● **Data**:
***
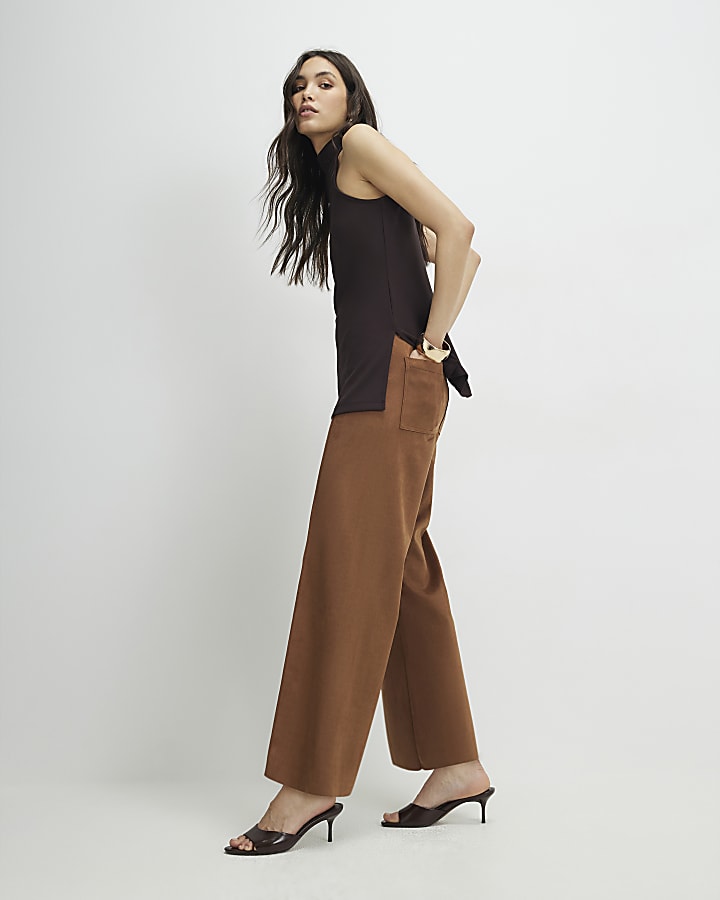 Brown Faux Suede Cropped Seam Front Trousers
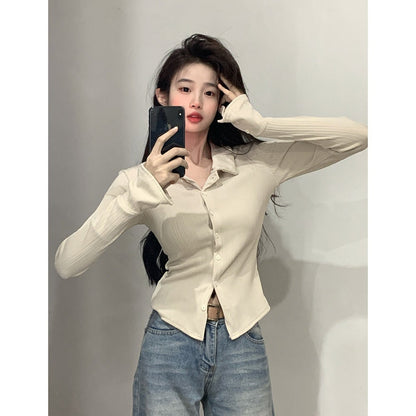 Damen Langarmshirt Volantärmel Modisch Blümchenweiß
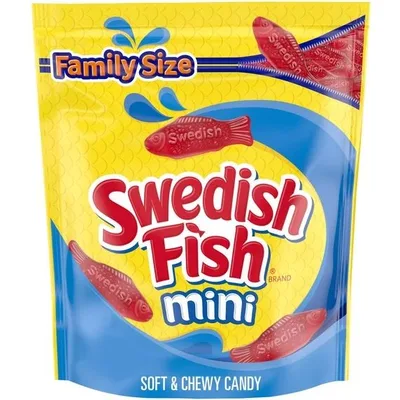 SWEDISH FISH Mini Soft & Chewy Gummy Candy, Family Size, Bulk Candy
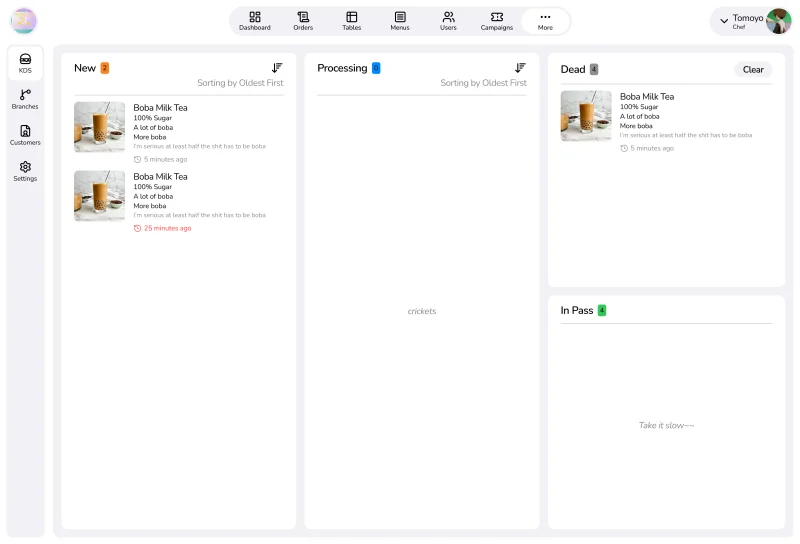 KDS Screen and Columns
***
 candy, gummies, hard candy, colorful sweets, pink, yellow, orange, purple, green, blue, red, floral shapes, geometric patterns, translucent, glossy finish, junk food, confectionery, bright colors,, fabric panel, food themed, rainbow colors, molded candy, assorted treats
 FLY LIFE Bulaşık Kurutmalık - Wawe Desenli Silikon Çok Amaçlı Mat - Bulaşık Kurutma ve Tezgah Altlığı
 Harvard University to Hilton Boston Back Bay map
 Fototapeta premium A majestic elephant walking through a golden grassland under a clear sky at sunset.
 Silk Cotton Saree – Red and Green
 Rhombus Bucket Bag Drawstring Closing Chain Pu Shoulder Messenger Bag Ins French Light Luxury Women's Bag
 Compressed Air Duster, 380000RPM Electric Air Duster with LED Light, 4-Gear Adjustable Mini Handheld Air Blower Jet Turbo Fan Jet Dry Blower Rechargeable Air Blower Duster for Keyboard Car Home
***
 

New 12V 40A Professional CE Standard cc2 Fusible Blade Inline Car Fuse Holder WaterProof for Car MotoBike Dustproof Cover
***
● **Work required**: The reply should hold exactly the lines above, starting at the line with "SWEDISH FISH Mini" and ending at the line with "KDS Screen and Columns", and no pictures.

● **Task response**:
 SWEDISH FISH Mini Soft & Chewy Gummy Candy, Family Size, Bulk Candy
 KDS Screen and Columns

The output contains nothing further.